* **Provided material**
BEGIN

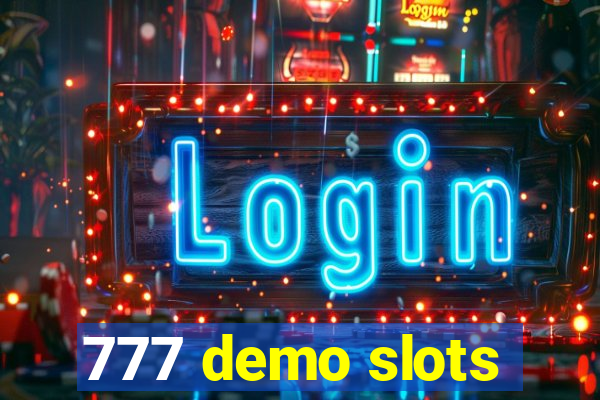 777 demo slots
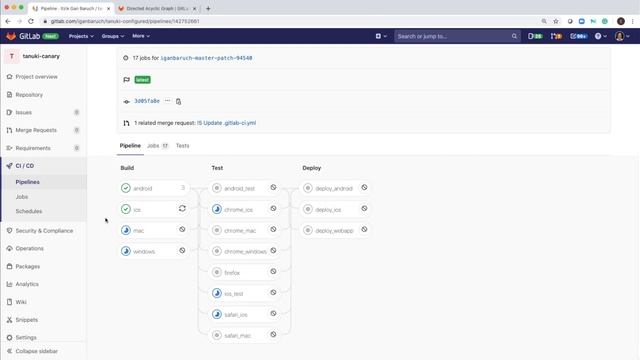 CI - Faster, more flexible pipelines with a Directed Acyclic Graph (DAG) смотреть онлайн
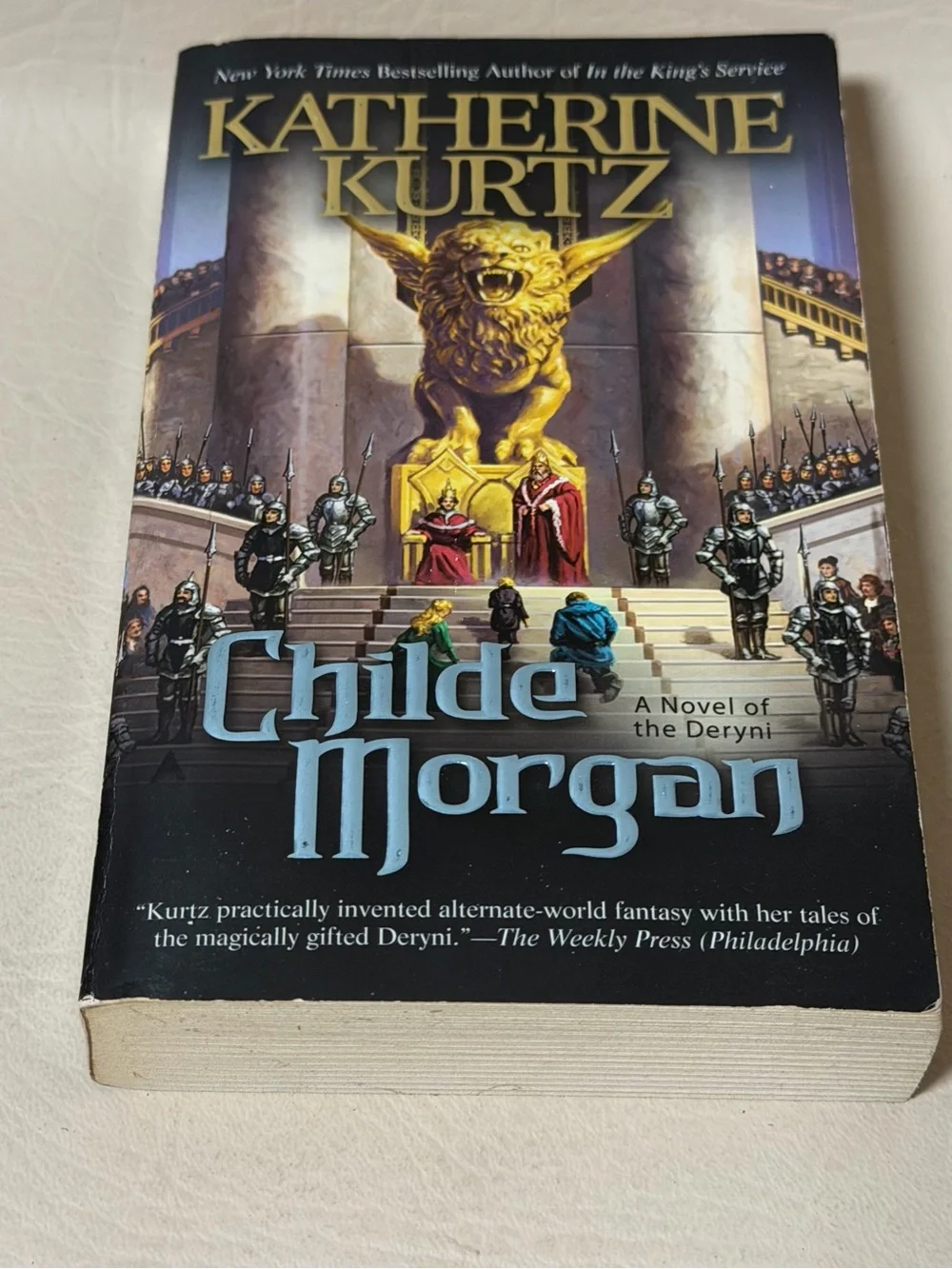 Childe Morgan; Deryni - Katherine Kurtz, Paperback Books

END

* **About this task**
The data above must be copied exactly. Leave out the pictures.

* **Answer to the problem**
 777 demo slots
 CI - Faster, more flexible pipelines with a Directed Acyclic Graph (DAG) смотреть онлайн
 Childe Morgan; Deryni - Katherine Kurtz, Paperback Books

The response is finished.